To improve reliability and traceability, the number of arguments needed to initialise the gsfit_controller object is deliberately kept to a minimum. The settings_path="default" argument tells GSFit to use the settings (JSON files) from this directory python/gsfit/settings/default/. By storing all the settings needed to run GSFit in JSON files allows changes to be tracked through Git.
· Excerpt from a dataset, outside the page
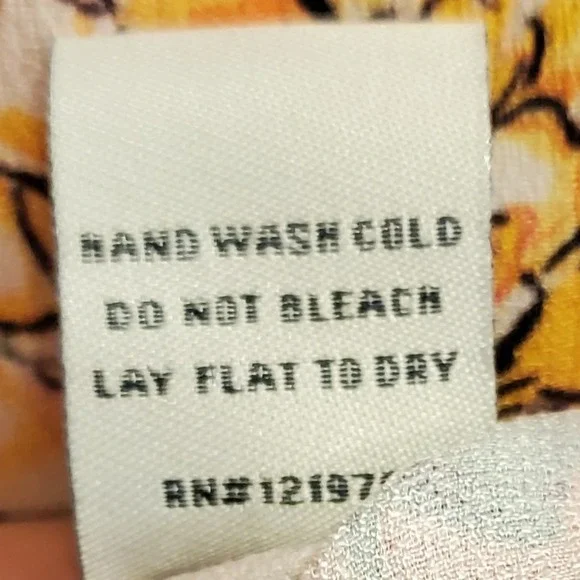 Jealous Tomato Off Shoulder Spring time Crop Top Floral Pattern Blouse  Large - Picture 8 of 8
2.2 Adding a new experimental device or coupling to a new forward Grad-Shafranov code

The information needed to run GSFit comes from two sources:

1. python/gsfit/settings/: Contains parameters in JSON files, such as:
   • the maximum number of iterations,
   • which magnetic sensors to use in the reconstruction,
   • the degrees of freedom given to p_prime and ff_prime,
   • and which database_reader to use.
2. python/gsfit/database_readers/: Connects to machine-specific databases to read experimental results in, such as:
   • geometry and current in poloidal field coils
   • measured signals from magnetic sensors
   • isoflux constraints

These two sources of information are combined to initialise the Rust objects needed to run GSFit (as described in section 2.1).

Writing to the database is done through python/gsfit/database_writers/, in a similar format to database_readers.

Included are the settings and readers for ST40's experimental data, and synthetic data produced by FreeGS and FreeGSNKE simulations. We welcome and are happy to include configurations for other devices.

2.3 Where are the Green's tables stored?

We can classify objects as either "current sources" or "sensors".

• coils, passives, and plasma are "current sources".
• bp_probes, flux_loops, rogowski_coils, isoflux, and plasma are "sensors".

Note, plasma is both a current source and a sensor; this is because it contains the plasma current and the 2D (R, Z) grid where we want to take measurements on.

Principles about where data should be:

• "sensors" contain the Green's tables.
• "current sources" contain the currents.

The sensors and currents are linked by names; every magnetic probe and PF coil must have a unique name.

2.4 Decision on coils vs PSUs

On many tokamaks, including ST40, several PF coils are connected to a single PSU. For ST40 we have the BVLT and BVLB PF coils, both connected to the BVL PSU.

Several equilibrium reconstruction codes treat the PSU current as a measurement with an associated degree of freedom. To allow for this degree of freedom we would need to tell GSFit which PF coil is connected to which PSU. This is quite burdensome and to keep GSFit simple to initialise, we have decided to only consider "coils". The work-around, if you want to have the PSU currents as a degree of freedom, is to combine all of the PF coils connected to a single power supply into a single coil. On ST40 we could create a PF coil called BVL_combined which contains both BVLT and BVLB.

3. Planned future development

• Pressure constrained.
• Spline p_prime and ff_prime
• Interfacing to and from IMAS & OMAS.
• More kinetic sensors, such as MSE, polarimeters, and interferometers.

4. Citing GSFit

We intend on publishing a paper on GSFit. While GSFit is unpublished, please cite it as "P. F. Buxton, GSFit, https://github.com/tokamak-energy/gsfit, 2025"

Please use the GSFit nomenclature, not GS-Fit, GSFIT, or g/s fit.